I must answer this question: Assume that for the complete metric space $N$, $f: S \rightarrow N$ is a uniformly continuous function defined on a subset $S$ of a metric space $M$. Prove that $f$ extends to a uniformly continuous function $\bar{f}: \bar{S} \rightarrow N$. Then show that $\bar{f}$ is the unique continuous function defined on $\bar{S}$ such that $\bar{f}(x) = f(x)$ for all $x \in S$.
I start my solution by noting that if $x \in S$, then set $\bar{f} = f$. I'm not quite sure how to extend for $\bar{S} - S$, though. My intuition says that I should use the fact that $\bar{S} = \lim S$, but I'm not quite sure how to apply it. That still leaves the matter of uniqueness, which I don't have the foggiest clue of how to prove either.

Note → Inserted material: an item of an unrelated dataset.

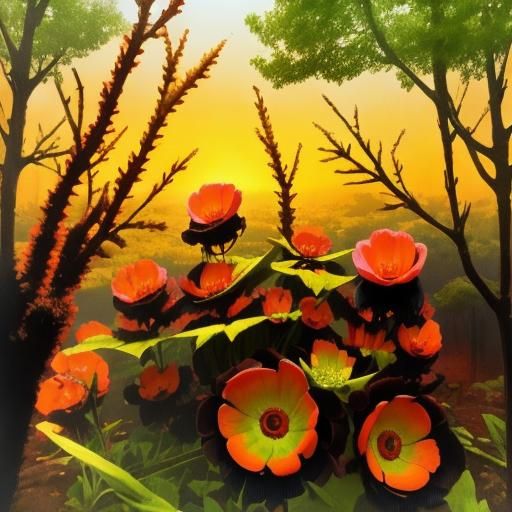 Medium shot. A dense forest with tall trees at sunset. Swamp...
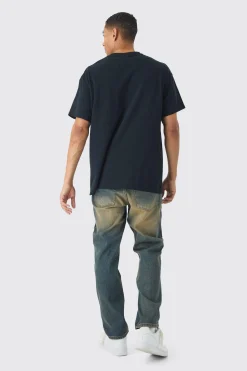 Relaxed Rigid Vintage Wash Distressed Side Panel Jeans | BoohooMAN UK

For $x\in\bar S\setminus S$, pick a sequence $x_i\in S$ that converges to $x$. Because $f$ is uniformly continuous, $f(x_n)$ converges to a finite value $L(x)$. Set $f(x)=L(x)$. Similarly, because $f$ is uniformly continuous, $f(x_i)\to L(x)$ for ANY sequence $x_i\to x$ - hence $\bar f$ is unique and by construction continuous. [Edit] It is uniformly continuous since its modulus of continuity is the same as that of $f$. [\Edit].